Saturday was weird. Because it was soundcheck and performance day, and due to my schedule, I actually got to sleep in. I ate breakfast without really realizing what I was doing (sleep deprivation and nerves). I got a shower in (my first morning one), and packed my stuff up. I went down to the lobby about 30 minutes early, and chatted with my group - we were the last ones left, since we were the last sound check. We ended up there a couple groups early, so we were able to practice beforehand. Our soundcheck showed a couple problems with mics, but overall it sounded awesome to actually be on mic like that for the first time in my life. We were cut short halfway through California Dreaming.

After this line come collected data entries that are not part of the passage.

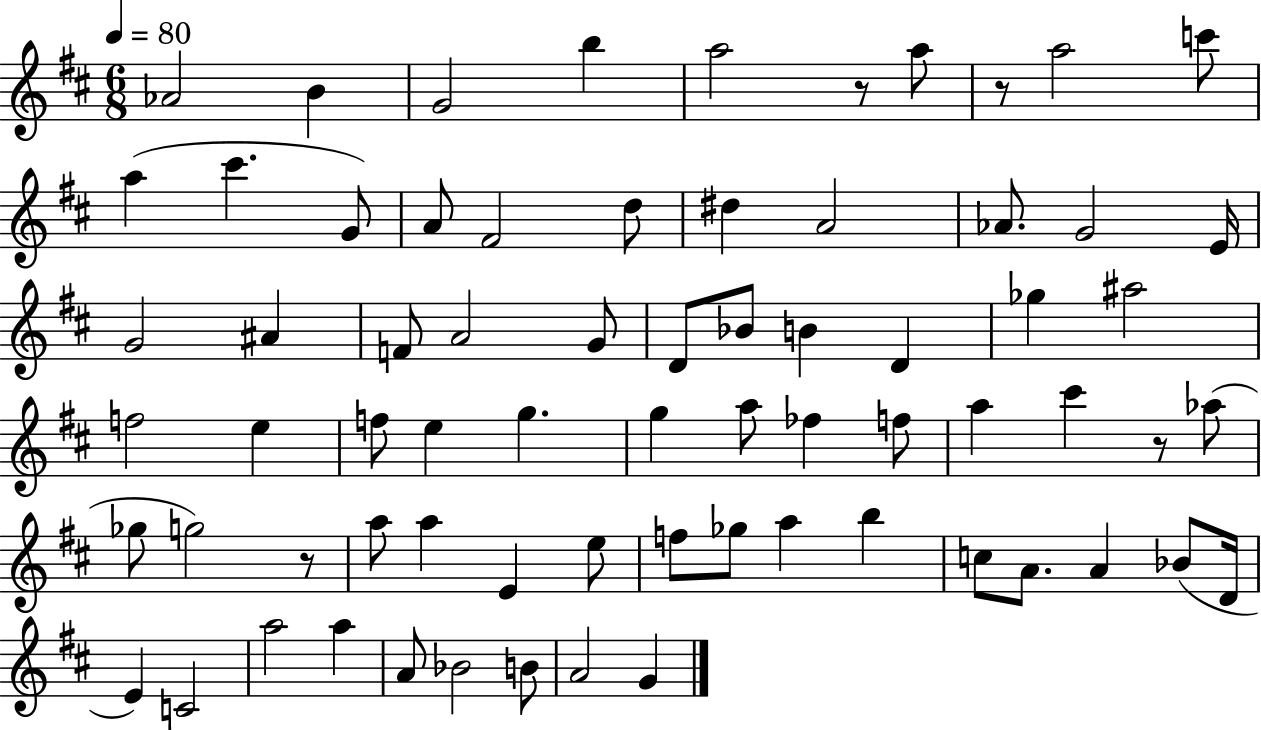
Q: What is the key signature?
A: D major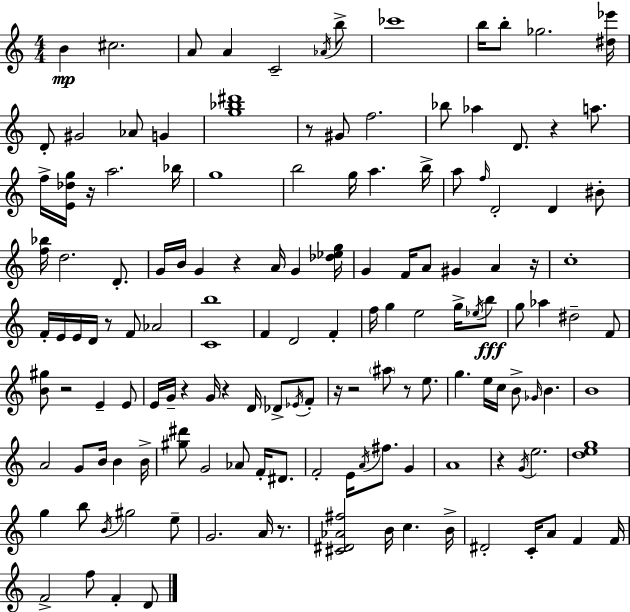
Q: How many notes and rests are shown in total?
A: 144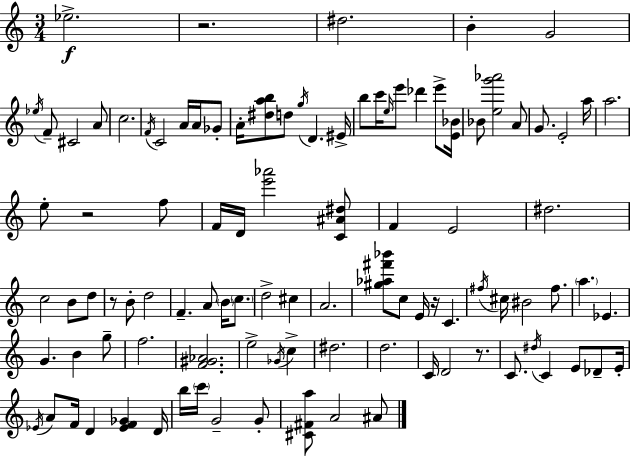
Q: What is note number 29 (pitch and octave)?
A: E4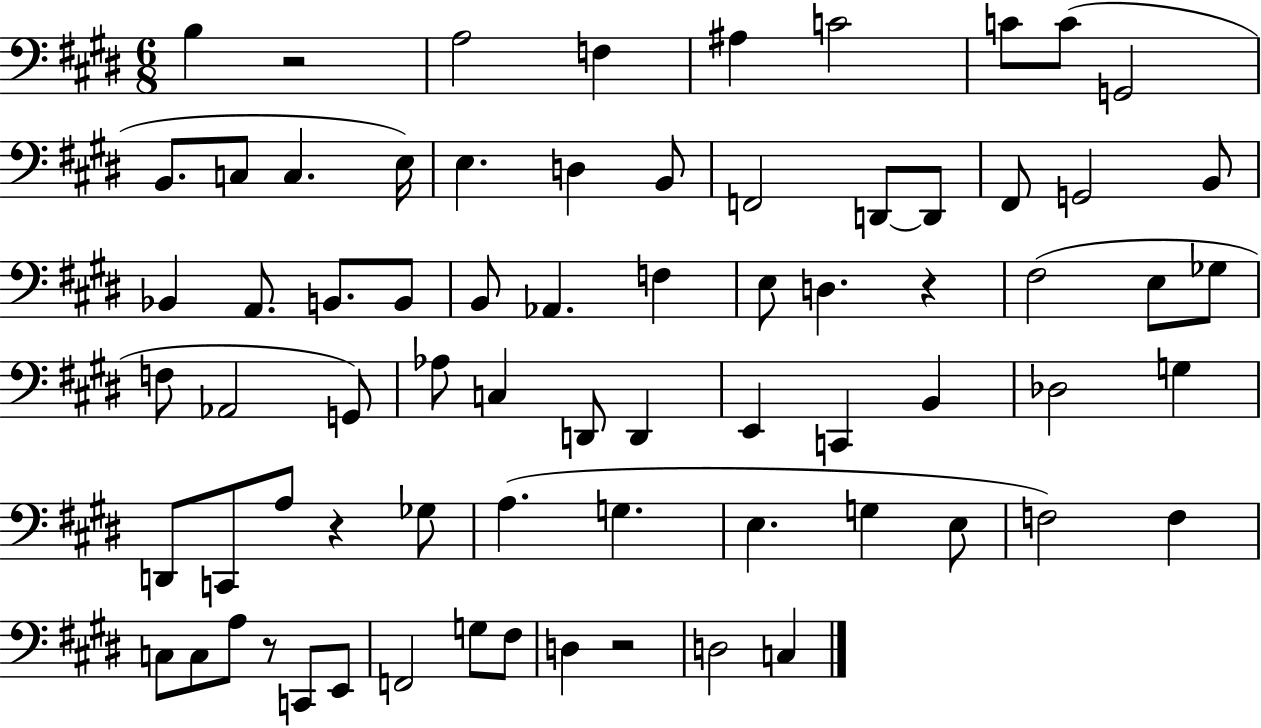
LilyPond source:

{
  \clef bass
  \numericTimeSignature
  \time 6/8
  \key e \major
  b4 r2 | a2 f4 | ais4 c'2 | c'8 c'8( g,2 | \break b,8. c8 c4. e16) | e4. d4 b,8 | f,2 d,8~~ d,8 | fis,8 g,2 b,8 | \break bes,4 a,8. b,8. b,8 | b,8 aes,4. f4 | e8 d4. r4 | fis2( e8 ges8 | \break f8 aes,2 g,8) | aes8 c4 d,8 d,4 | e,4 c,4 b,4 | des2 g4 | \break d,8 c,8 a8 r4 ges8 | a4.( g4. | e4. g4 e8 | f2) f4 | \break c8 c8 a8 r8 c,8 e,8 | f,2 g8 fis8 | d4 r2 | d2 c4 | \break \bar "|."
}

Soundcheck for large ensemble was a bit nerve-wracking. 200 people on a stage that could realistically fit 100. The entire stage was shaking. We sounded good enough, but I was happy when we got back off stage.
The show then began. My nerves started anew. We were the last high school group to perform, so we got to wait through everybody else before we finally came up. It was really, really fun. It helped that the lights shined right into my eyes, so I couldn’t see the audience. I loved that performance, but it was saddening, too, to realize it was the last time I’d perform with that group.
Large ensemble was, again, nerve-wracking. The lights were swaying. I thought someone was gonna get hurt. However, when we finished our last song, it hit me. Camp was over. Possibly the best week of my life was finished. Who knows when I’d see these teens again? Getting my stuff was also somewhat difficult, because of both the crowd and the emotions.
I walked out of that building a different person than I walked in. That week both confirmed that this was what I wanted to do with my life, and instilled a drive to make it happen. I will return to Camp A cappella as many years as I can. I had such a blast there, and learned so much, that the money I spent was more that earned back. Thank you, Camp A cappella, for an amazing week.